### [Assignment]
Could the listing below be reproduced exactly, minus its pictures?

### [Source material]
====

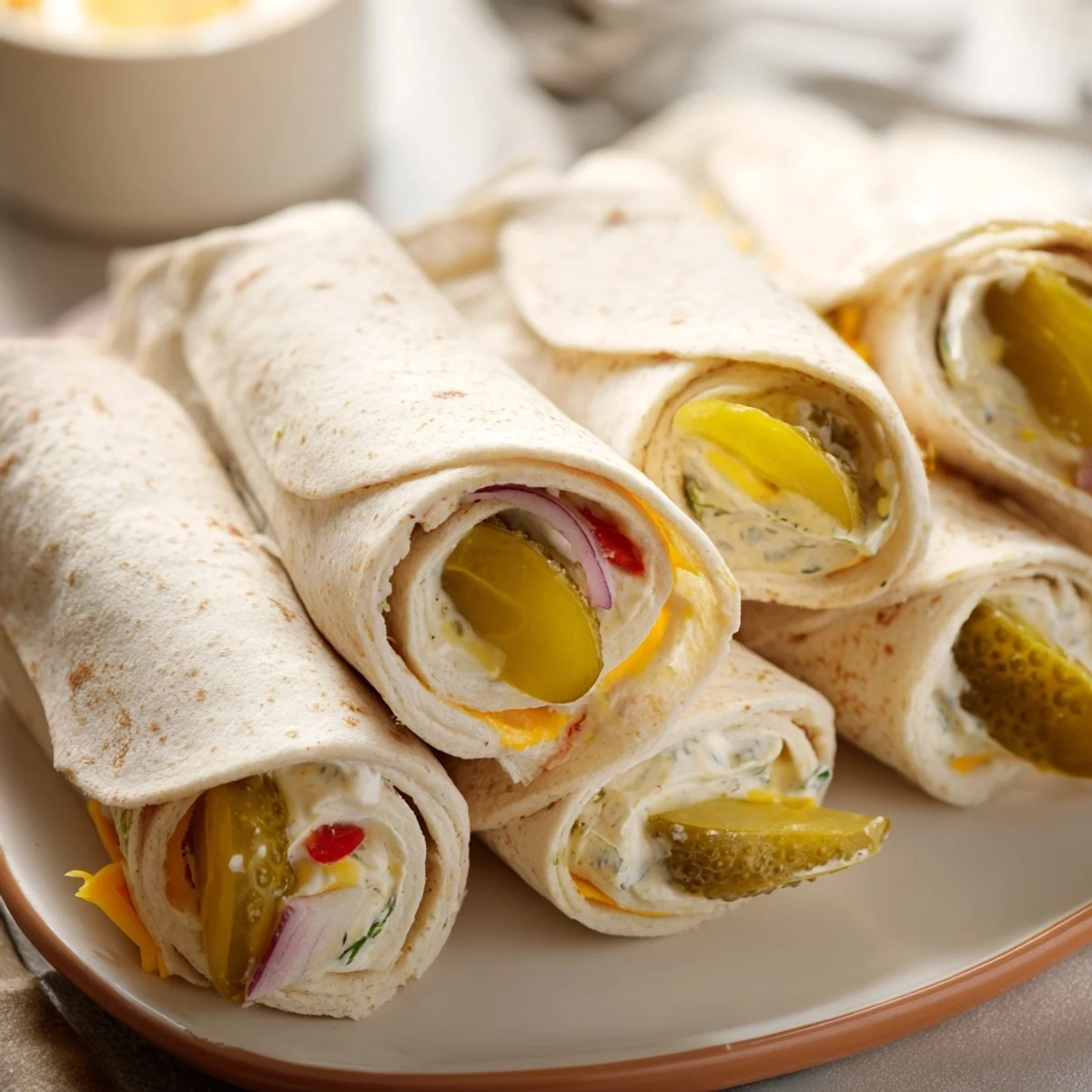 Crispy Pickle-in-a-Blanket bites wrapped in creamy cheese and tortillas.  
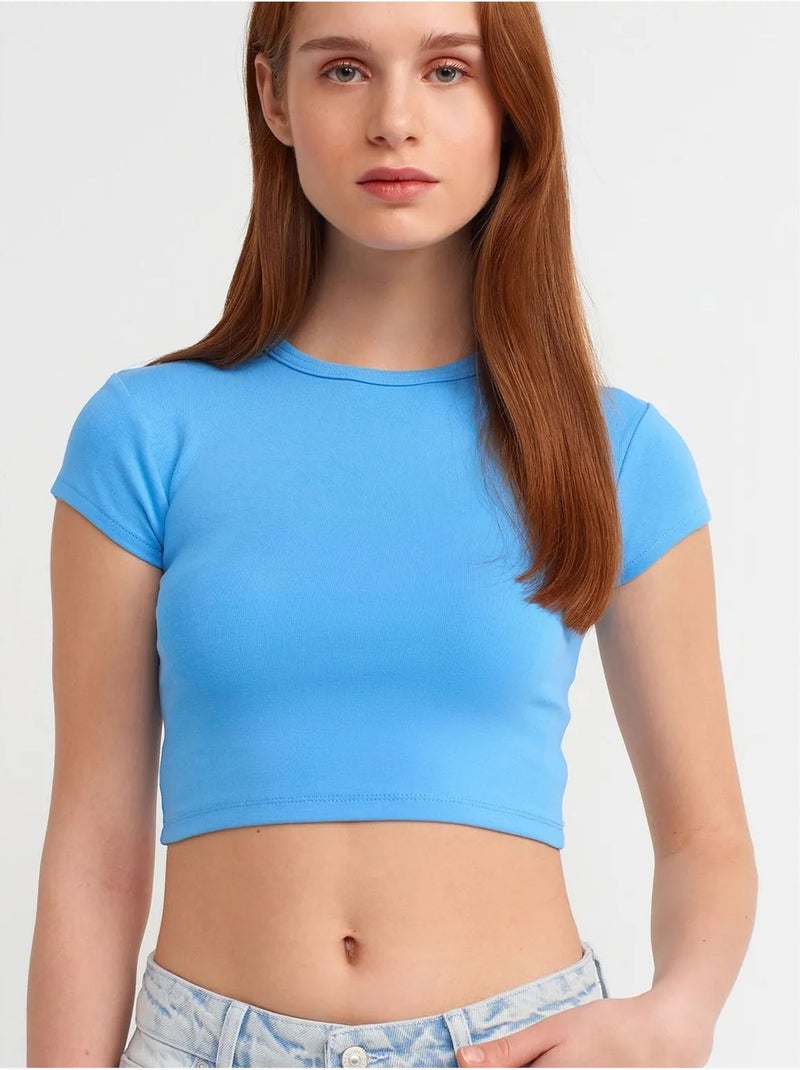 DILVIN T-shirt Court Femme, Coupe Ajustée, Col Rond Bleu ciel - Kiabi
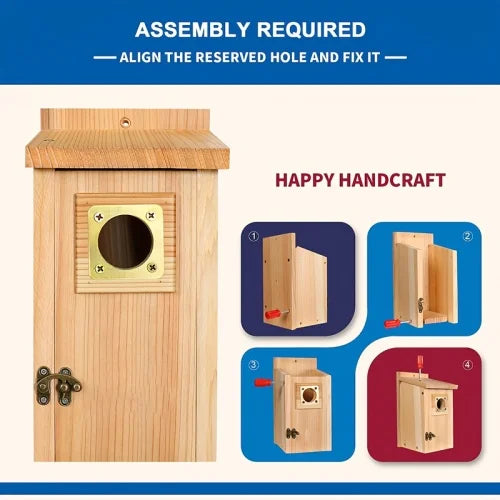 Pine Bird Houses With Copper Guard For Small Birds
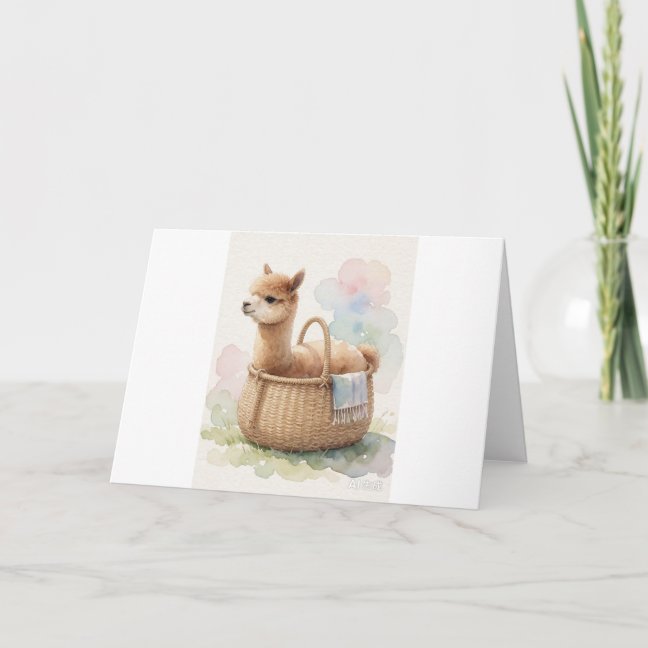 Alpaca Resting In The Woven Llama Basket Greeting  Card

====

### [Result of the task]
 Crispy Pickle-in-a-Blanket bites wrapped in creamy cheese and tortillas.  
 DILVIN T-shirt Court Femme, Coupe Ajustée, Col Rond Bleu ciel - Kiabi
 Pine Bird Houses With Copper Guard For Small Birds
 Alpaca Resting In The Woven Llama Basket Greeting  Card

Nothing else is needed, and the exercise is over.